恐らく世界でも数個しか存在していないと思われる
大変珍しいモデルの13世紀のリングです。
今から数十年前、
ヨーロッパの市場には古の極めて珍しいジュエリーがかろうじて存在していましたが、
現代では多くのジュエリーが収集家や美術館の元にあり、
このような珍しいモデルのリングは探すのが極めて困難になってきています。
このリングはイギリスで古のリングのコレクションを
長年されていた方から買い付けたものです。
三日月型のベゼルにセットされているのはサファイヤ、
周囲を飾る小さな4つの石はエメラルドです。
中央のベゼルのサファイヤにはえぐられたような跡がありますが、
これは中世のサファイヤによく見られる特徴の一つです。
なぜ、えぐられているかですが、
中世において宝石には本当に魔力があると信じられていました、
特にサファイヤは神への祈りを届ける神聖な力があると信じられており、
中世の絵画にもサファイヤの指輪をはめた司祭や王侯貴族達が神へ祈りをささげる姿が描かれています。
このようにサファイヤがえぐられているのは、
恐らく、石の不純物を取り除くことで、
石をよりピュアな状態にして、石の力を最大限引き出せるようにしてから
指輪にセットすることが大切だったからだと考えられます。
また三日月のデザインの中世のリングは大変珍しいものです。
三日月型のリングの実物を見たのは数十年間で2個目になります、
資料でも数個ほどしか目にしたことがありません。
ベゼルの周囲を小さな石が囲んでいるのもとても珍しい装飾です。
資料では見たことがありますが、
実物を手にするのは初めてです。
また、このリングはコンディションが完璧であるのも素晴らしいです。
石は全てオリジナルでリングも壊れておらず、
多くの方に身につけて頂けるサイズです。
1 大変希少なモデルであること
2 石がオリジナルであること
3 コンディションが良いこと
4 身につけられるサイズであること
この全ての条件を揃えた中世のリングは滅多にありません。
中世の作品は現存数が他の年代に比べて極めて少なく非常に稀になりますが、
それには訳があり、当時、古代ローマ時代のあらゆる戦乱の影響でフランスには全く十分な金がありませんでした、
金貨の流通は8世紀に終わり13世紀に金が十字軍によってもたらされるまで止まっていました。

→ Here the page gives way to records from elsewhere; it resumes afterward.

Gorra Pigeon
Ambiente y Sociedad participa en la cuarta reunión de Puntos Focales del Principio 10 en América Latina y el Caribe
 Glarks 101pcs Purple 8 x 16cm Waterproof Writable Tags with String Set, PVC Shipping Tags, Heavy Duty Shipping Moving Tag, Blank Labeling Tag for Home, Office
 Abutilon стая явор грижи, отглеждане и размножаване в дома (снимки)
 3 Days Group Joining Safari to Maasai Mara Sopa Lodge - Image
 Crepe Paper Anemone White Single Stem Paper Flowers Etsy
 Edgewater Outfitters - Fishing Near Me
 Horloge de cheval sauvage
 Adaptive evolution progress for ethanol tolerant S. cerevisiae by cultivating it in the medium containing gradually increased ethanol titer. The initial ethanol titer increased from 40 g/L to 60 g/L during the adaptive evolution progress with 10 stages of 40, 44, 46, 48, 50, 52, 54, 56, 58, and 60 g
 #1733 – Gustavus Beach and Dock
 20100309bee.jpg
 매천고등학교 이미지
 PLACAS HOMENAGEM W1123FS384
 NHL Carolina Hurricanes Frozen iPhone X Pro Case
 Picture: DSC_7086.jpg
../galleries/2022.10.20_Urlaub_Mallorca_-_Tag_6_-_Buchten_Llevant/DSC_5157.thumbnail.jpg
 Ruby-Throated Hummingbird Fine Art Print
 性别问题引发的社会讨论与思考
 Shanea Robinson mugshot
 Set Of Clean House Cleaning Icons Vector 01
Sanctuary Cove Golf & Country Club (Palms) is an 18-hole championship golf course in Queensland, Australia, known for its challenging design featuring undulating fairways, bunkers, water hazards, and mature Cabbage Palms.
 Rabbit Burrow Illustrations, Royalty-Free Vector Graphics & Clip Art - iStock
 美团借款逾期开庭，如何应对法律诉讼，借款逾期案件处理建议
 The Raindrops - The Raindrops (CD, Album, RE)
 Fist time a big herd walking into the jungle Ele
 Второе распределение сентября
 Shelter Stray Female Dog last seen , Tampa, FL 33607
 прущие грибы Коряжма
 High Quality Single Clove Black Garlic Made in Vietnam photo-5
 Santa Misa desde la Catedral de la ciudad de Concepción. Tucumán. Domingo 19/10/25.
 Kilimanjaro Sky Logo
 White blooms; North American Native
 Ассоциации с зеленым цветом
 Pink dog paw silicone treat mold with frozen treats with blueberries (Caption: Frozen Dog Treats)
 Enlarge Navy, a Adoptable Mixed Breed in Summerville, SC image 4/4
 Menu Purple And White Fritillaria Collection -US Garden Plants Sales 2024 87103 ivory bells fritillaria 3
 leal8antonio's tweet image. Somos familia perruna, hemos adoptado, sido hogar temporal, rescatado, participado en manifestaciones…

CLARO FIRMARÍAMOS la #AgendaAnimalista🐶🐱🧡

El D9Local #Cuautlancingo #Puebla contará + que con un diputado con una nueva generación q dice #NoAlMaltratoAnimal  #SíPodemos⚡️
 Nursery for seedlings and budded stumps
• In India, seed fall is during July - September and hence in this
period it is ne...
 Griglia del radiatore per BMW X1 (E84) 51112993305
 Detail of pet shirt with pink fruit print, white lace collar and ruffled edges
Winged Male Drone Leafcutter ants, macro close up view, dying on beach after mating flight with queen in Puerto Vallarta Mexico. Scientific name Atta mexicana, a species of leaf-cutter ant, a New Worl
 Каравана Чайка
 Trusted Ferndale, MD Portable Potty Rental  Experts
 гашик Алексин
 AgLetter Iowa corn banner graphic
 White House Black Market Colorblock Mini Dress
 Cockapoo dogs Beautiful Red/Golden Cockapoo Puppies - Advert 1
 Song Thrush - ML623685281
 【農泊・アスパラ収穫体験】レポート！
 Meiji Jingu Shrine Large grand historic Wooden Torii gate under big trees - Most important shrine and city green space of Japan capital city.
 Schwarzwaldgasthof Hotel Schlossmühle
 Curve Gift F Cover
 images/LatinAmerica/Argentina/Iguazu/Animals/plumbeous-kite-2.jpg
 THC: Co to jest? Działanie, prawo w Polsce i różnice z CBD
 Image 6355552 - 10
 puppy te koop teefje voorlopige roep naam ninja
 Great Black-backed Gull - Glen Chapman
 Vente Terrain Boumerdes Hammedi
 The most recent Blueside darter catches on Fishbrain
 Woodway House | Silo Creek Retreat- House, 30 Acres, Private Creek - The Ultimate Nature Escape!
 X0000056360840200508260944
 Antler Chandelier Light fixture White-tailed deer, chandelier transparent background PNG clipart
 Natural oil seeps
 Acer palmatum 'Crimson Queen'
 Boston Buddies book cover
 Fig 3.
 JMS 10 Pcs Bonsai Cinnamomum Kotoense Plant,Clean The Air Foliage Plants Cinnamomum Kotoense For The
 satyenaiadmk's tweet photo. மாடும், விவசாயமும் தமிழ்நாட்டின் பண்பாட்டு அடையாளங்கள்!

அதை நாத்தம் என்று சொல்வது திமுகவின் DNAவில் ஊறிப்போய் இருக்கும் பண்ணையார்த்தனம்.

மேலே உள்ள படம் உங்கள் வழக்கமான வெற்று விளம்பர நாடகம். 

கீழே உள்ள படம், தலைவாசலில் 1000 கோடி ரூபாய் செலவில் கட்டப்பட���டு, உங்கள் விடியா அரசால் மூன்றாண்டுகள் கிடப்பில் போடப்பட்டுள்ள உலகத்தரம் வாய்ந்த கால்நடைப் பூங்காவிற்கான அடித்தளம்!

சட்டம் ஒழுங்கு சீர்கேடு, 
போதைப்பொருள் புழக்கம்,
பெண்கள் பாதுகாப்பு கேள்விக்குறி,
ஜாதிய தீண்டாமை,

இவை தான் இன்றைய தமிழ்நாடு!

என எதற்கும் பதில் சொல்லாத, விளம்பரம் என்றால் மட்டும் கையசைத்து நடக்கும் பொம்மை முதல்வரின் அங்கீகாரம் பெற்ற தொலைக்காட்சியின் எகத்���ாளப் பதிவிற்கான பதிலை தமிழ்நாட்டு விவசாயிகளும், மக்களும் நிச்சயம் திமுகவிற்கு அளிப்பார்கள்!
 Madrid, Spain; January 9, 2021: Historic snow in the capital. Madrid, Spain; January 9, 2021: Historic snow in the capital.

川から僅かな金が採れるものの、王でさえ金を入手するのは非常に困難だった為です。
そして貴重な金は権力のあった教会へもたらされました。
このような指輪は高位の聖職者のみが所有でき聖職者の死後は棺に共におさめられますが、
フランス革命時に大きな教会や聖堂などは破壊され、このような指輪は殆ど残っていません。
又は19世紀に小さな教会は売りに出された為に、
その教会にあった指輪などもプライベートコレクションとなっているでしょう、
他にもいろいろな理由があり、現存数が少ないのです。
フープには彫金が施されていますが、
この彫金も中世のリングに見られるデザインです。
このリングの類似作品が British Rings という本に掲載されています。
本に掲載されているのはベゼルがタルト型と呼ばれるデザインのタイプです。
タルト型と三日月型ではタルト型の方が現存数が多く、今回ご紹介している三日月型は極めて珍しいです。
三日月型リングの実物を見たのは十数年間で2個目になり、
資料にも僅かに掲載されています。
本に掲載されているタルト型のベゼルにはサファイヤがセットされていますが、
このサファイヤにもえぐられた跡が見られます。
周囲には小さな石がセットされていますが、
いくつか失われているのがわかります。
中世のリングは通常は細く繊細な作りのものが多いので、
このように石が外れていたり、指輪が壊れているのことは通常の状態になります。
以下は発掘された中世のリングの資料になりますが、
このように殆どが壊れている状態で発掘されていることがわかります。
通常は上記のような着用するこができないコンディションになります。
British Ringsには有名なリングも掲載されています。
左上の大きなサファイヤのリングは
こちらはヨークミンスター大聖堂が所有している下記のリングです。
このリングはヨークで1215年〜1255年間に司祭であったWalter de Grayが身につけていたものです。
今回ご紹介している三日月型のリングと同じように周囲を小さな石が飾っているタイプで
年代も同じく13世紀であることがわかります。
ヨーク大聖堂に収蔵されているリングではありますが、石が一つ失われています。
完璧なコンディションの中世のリングは大変希少なものになります。
繊細な作りのリングですし、中世の希少な美術品ですので
日常生活で身につけるというよりは
コレクション用のリングになります。